To do: Transcribe exactly the line containing "EBOND The Frog" and each line after it, through the end of the entries, with nothing before or after.

Recorded data:
::::::::

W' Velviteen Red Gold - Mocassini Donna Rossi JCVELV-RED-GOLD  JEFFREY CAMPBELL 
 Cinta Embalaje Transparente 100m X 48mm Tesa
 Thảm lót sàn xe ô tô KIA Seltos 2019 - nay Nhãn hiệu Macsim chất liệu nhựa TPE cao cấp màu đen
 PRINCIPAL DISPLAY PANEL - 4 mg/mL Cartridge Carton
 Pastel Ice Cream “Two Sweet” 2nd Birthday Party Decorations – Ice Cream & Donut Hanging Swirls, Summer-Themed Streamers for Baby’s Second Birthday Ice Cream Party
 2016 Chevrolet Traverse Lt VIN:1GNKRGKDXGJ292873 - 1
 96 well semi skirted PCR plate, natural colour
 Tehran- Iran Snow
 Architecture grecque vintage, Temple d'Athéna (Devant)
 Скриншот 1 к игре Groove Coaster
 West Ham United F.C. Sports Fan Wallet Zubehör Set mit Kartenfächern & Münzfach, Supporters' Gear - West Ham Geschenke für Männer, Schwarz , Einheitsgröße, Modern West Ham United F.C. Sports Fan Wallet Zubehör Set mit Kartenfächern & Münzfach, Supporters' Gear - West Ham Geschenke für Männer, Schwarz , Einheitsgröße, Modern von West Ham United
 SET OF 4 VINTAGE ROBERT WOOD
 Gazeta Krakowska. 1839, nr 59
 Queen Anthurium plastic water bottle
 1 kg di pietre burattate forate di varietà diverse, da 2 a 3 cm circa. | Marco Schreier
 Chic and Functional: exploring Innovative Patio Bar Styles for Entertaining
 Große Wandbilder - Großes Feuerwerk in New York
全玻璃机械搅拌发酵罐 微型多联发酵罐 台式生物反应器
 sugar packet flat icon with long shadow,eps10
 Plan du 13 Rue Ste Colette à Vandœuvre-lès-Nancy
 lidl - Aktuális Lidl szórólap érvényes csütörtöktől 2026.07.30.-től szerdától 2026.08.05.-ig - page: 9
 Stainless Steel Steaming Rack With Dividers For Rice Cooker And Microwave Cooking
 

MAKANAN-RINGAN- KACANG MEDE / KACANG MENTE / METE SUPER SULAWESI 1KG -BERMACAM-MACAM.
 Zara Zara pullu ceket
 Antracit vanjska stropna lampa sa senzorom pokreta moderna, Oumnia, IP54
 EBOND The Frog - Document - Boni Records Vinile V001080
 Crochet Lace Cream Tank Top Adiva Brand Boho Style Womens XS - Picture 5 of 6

::::::::

Task solution:
 EBOND The Frog - Document - Boni Records Vinile V001080
 Crochet Lace Cream Tank Top Adiva Brand Boho Style Womens XS - Picture 5 of 6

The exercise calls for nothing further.